─── EXTRACTED DATA ───

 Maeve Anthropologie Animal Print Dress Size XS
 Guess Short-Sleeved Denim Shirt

───
─── EXTRACTED DATA ───

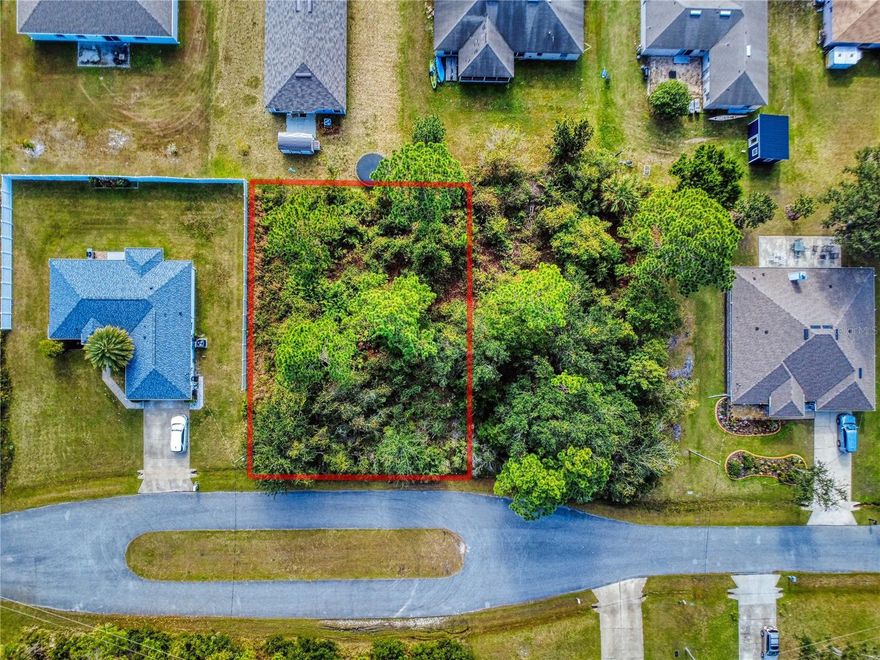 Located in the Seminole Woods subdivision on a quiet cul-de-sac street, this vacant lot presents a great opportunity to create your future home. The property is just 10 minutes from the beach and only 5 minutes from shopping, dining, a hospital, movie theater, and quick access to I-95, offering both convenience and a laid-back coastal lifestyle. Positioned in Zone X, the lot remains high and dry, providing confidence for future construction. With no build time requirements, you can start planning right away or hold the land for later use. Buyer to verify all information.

───

## EXERCISE
Go through the material above and output exactly the lines from the one containing "Maeve Anthropologie Animal" through the one containing "Guess Short-Sleeved Denim Shirt".

## THE COMPLETED TASK
 Maeve Anthropologie Animal Print Dress Size XS
 Guess Short-Sleeved Denim Shirt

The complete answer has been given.